Kocha zwierzęta, a przede wszystkim psy. Ale może tak mi się wydaje, bo widzi je najczęściej. W każdym razie na widok psa naśladuje szczekanie i nieźle jej to wychodzi. Za to krowa robi "uuuu", a owca "awe!" ;) Chciałaby mówić, ale krtań jeszcze nie ta ;)

Mania w Gruzji

czwartek, 3 września 2015
Wyjazdy Mania znosi dobrze. Do wiosny jej ich oszczędzaliśmy, bo lekarze mówią, że układ nerwowy rozwija się przez pierwsze pół roku i wtedy dziecko powinno mieć stabilizację i spokój (3C noworodka: ciepło, ciemno, cicho). Co tu dużo mówić, przez pierwszy miesiąc czy dwa niemowlę nie potrafi nawet rozpoznać, czy pochylająca się nad nim twarz należy do jego mamy czy nie.


Gruzja to kraj, do którego pojechaliśmy kilka dobrych lat temu. Bodajże w 2009, czyli niewiele po wojnie. Jeszcze gdy nie była popularnym miejscem urlopowym, kiedy to jeździli do niej wariaci z plecakami, a Marcin Meller właśnie wydawał swój "Gaumardżos". Bałam się wtedy wojny na pograniczu i dziwnego robaczkowego alfabetu. Kraj okazał się piękny, jego mieszkańcy przyjacielscy i pomocni, monastyry pełne mistycyzmu, czacza (lokalny bimber pędzony na resztkach winogronowych) mocna, domowe wino tanie, a pomidory czerwone i soczyste. Teraz większym problemem niż znalezienie marszrutki do Upliscyche w pierdolniku na dworcu w Gori było dostosowanie charakteru wyjazdu do Mani. Zrezygnowaliśmy ze słynnego hostelu u Iriny, zredukowaliśmy liczbę godzin w drodze, a marszrutki zastąpiła wynajęta terenówka z fotelikiem.

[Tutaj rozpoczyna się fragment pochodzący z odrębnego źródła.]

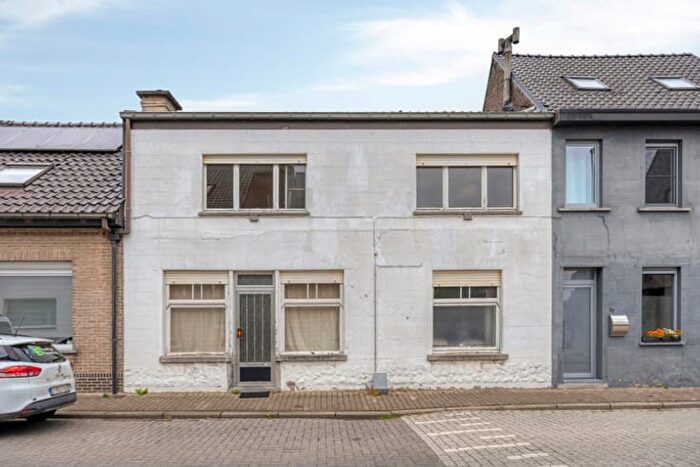Maison 4 pièces à vendre à Zandstraat, ErpeMere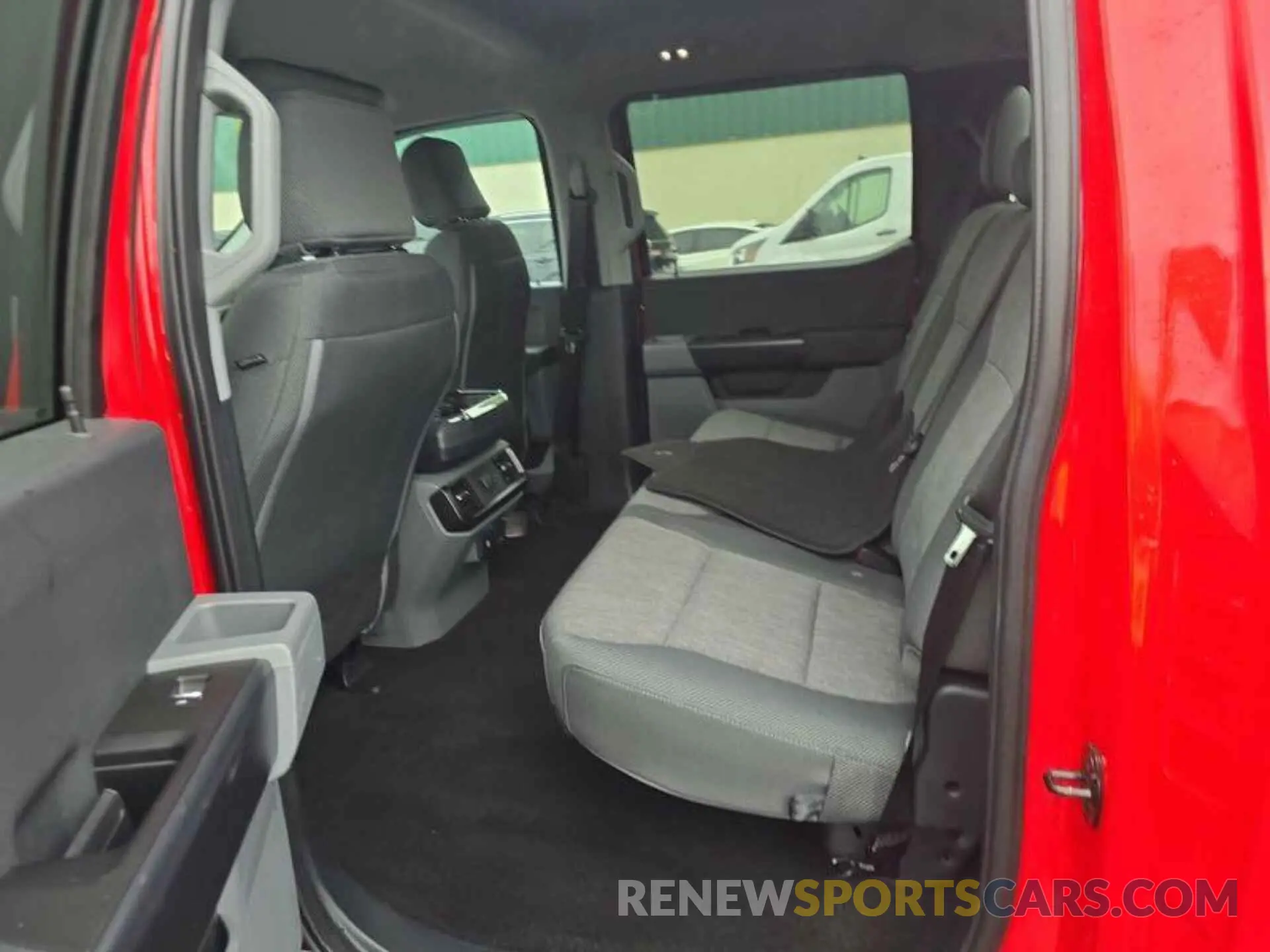 16 fotografías del automóvil dañado 1FTFW1E84NKE17677 FORD F150 2022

Gruzja nadal jest piękna, a jej mieszkańcy przyjacielscy. Dodatkowo okazało się, że niesamowicie kochają dzieci. Potrzebowałam chwili, by przyzwyczaić się do tego, że obcy ludzie podchodzą, zaczepiają, łapią dziecko za ręce, za pucki, głaszczą i uśmiechają się. Mania za to odnalazła się w tym otoczeniu wyśmienicie. Mój mąż swój styl robienia zakupów zrelacjonował mi mniej więcej tak: "Wchodzę do sklepu, parkuję wózek koło wejścia, bo dalej ciasno, biorę dziecko na ręce, pani sprzedawczyni wychyla się przez ladę i zabiera mi dziecko z rąk, po czym ja spokojnie robię zakupy." Pewnie zjawisko nasilało też to, że Mania jest blondynką z porcelanową cerą i przypomina aniołka, podczas gdy lokalne dzieci mają śniade cery, czarne włosy i brązowe oczy.